“Theosophy [from Greek theosophia, from theos, divine + sophia, wisdom; literally “divine wisdom”], refers to systems of speculation or investigation seeking direct knowledge of the mysteries of being and nature, with particular concern on the nature of Divinity. Theosophy also is considered a part of the broader phenomenon of esotericism, referring to hidden knowledge or wisdom that offers the individual enlightenment and salvation. Esotericism, and hence theosophy, has six main characteristics: correspondence, living nature, imagination or meditation, experience of transmutation, practice of concordance, and transmission. The theosopher seeks to understand the mysteries of the universe and the bonds that unite the universe, man and the divine world. She aspires to link theogony-anthropogony with eschatology and from investigation of these domains to discover a coherent cosmogony. The theosophist inquires into the hieroglyphs of nature, using a method of interpretation founded upon a specific myth or revelation, to which he applies his active imagination in order to draw forth symbolic resonances.
Theosophy broadly explores questions of metaphysics, especially questions within the areas of epistemology, mind, religion and the sciences.

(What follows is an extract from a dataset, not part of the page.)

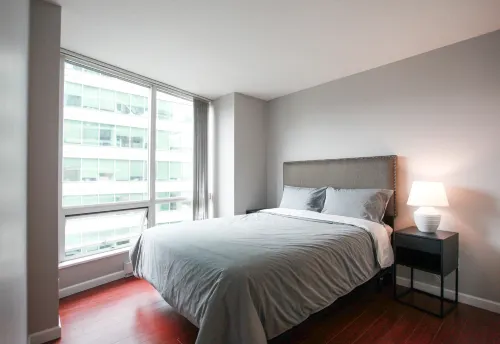 Spacious 2 bed 2 bath located in Downtown Vancouver. - Condos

The theosophist’s premise is that knowledge must come from both external and internal sources, and requires both an existence and acknowledgement of internal and scientific truths. Both of these truths are given equal footing. Each individual theosophist’s interests and questions are dynamic due to this dual focus on internalism and externalism. Another central interest is the application and use of knowledge for the betterment of both humanity and the individual. Central theosophical questions include:
- What is the True and Universal reality? (Ontology)
- How can we find this True and Universal reality? (Epistemology)

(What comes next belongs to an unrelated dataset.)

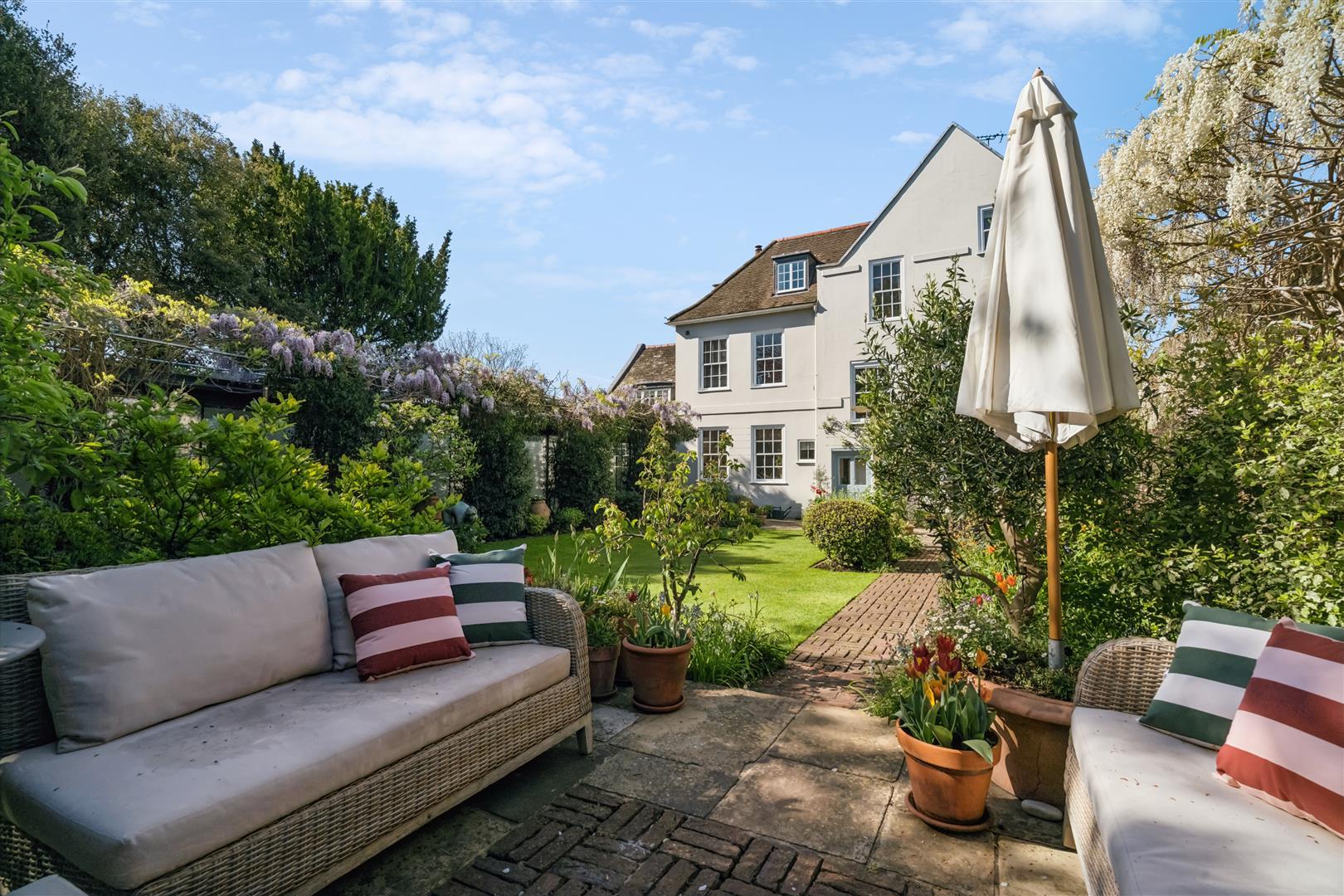 Property Image f3f7093d-03bd-4371-9c79-73a8ef0e8fd3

- What are the Universal concepts between Mind and Reality ? (Metaphysics)
- How do we apply Universal truth to further Humanity? (Moral Epistemology, Religion)
- What does Science allow, or deny, within True and Universal Reality? (Metaphysics)

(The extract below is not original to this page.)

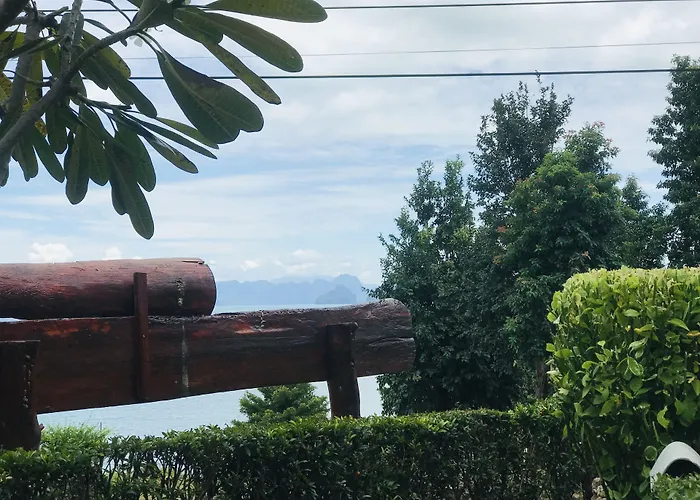 Koh Yao Yai Hillside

Traditional theosophists engage in circular analysis of the universe, man and divinity. The theosophist inquires into the hieroglyphs of nature, using a method of interpretation founded upon a specific myth, revelation or observational insight. She then applies active imagination in order to draw forth symbolic resonances. By engaging in interiority or meditation on a specific religious revelation or myth, the theosophist engages in a search for the latent symbolic meanings in ordinary and extraordinary phenomenon. Her starting point may be either from knowledge of external things of this world, or knowledge of the internal divine realms. As her knowledge increases, she experiences a change in being. As Antoine Faivre notes, “the theosophist dedicates his energy to inventing (in the word’s original sense of ‘discovering’) the articulation of all things visible and invisible, by examining both divinity and nature in the smallest detail.” This method of interpretation encompasses both rational and empirical approaches. Though the theosophical method is analytical, it also lends itself to a system style of metaphysics. The epistemological justification of knowledge is seen then as a synthesis, or integration, of both externalism and internalism practices. The knowledge of each Theosophist becomes somewhat individualistic and even at times independent” wikipedia
I’m thinking this applies to me. Not that I’m trying to fit into a box or have a label assigned to me. But, hey, if it fits well, I’ll wear it until I tire of it.